Label: New Amsterdam Records, 2019
Personnel - Caroline Davis: alto saxophone, voice; Matt Mitchell: Prophet 6, Modular and ARP synthesizers; Greg Saunier: drums.
Brooklyn-based alto saxophonist/composer Caroline Davis debuts Alula, an adventurous project launched in 2016 with Deerhof drummer Greg Saunier. The duo was augmented to the current trio with the inclusion of sought-after keyboardist Matt Mitchell. This 11-track collection of originals was compositionally motivated by an anterior digit on a bird’s wing and comes charged with trippy flights and landings, rotating lines and looped impressions, taut yet organic beats, and synth washes with throbbing bass notes trailing rigorous paths.
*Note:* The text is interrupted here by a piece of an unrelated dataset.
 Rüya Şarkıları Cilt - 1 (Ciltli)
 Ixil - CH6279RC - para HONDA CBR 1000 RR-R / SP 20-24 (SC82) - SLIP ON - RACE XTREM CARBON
“Alula” and its reverse “alulA” sound very peculiar, opening and closing the CD, respectively. The palindrome reads the same way, yet their sounds are distinct. The former, featuring Davis’ embedded vocals as a surprising layer, is deep-seated in a psychedelic avant-garde jazz on the edge of intervallic dissonance and it’s just a glimpse of what is to come. In turn, the latter, much shorter in time, displays parallel motions between saxophone and keyboards with Saunier’s unrestrictedly paving the lower level.
Inaugurated by sax and drums, “Flight” holds quite some funk at its core, advancing within a well-defined structure. Despite the energetic balance, this number doesn’t surpass “Wingbeat” in terms of danceability. Brought up with a sweeping splendor, the latter piece seems ready to ignite a fire with orbicular saxophone figures, effusive drumming, and the congruous bass conduction offered by Mitchell’s synthesizer.
“Remiges” is one of my favorite pieces, starting as an ambiguous droning exercise before catapulting expressive elliptical movements with an M-base-like urgency. The audacious propulsion serves Davis and Mitchell’s improvisations, while Saunier, naturally more confined to a rhythmic support function, doesn’t hesitate to fill the role with provocative drum swoops.
Taking us to serene places, “Coverts” shines with even-tempered melody, silky harmonization, and a combination of snare drum distinctiveness and cymbal grit. It feels like a restorative tonic against the hectic excitement of tunes such as “Scapulars”, a fruitful, sometimes turbulent encounter between indie rock and avantjazz marked by the tearing passion of the saxophone, ultra-modern synth effects, and agitated drum automation providing strength.
Eclecticism is something valuable that the bandleader doesn’t want to step aside. Hence, the shape-shifting “Vortex Generation” mixes elements of folk, jazz, and electronica with taste and freedom.
Committed to moving forward as an artist, Davis makes her most daring album with Alula, pushing boundaries through a fresh, powerful material that, being willfully challenging, opens new horizons. This work will definitely attract bold listeners.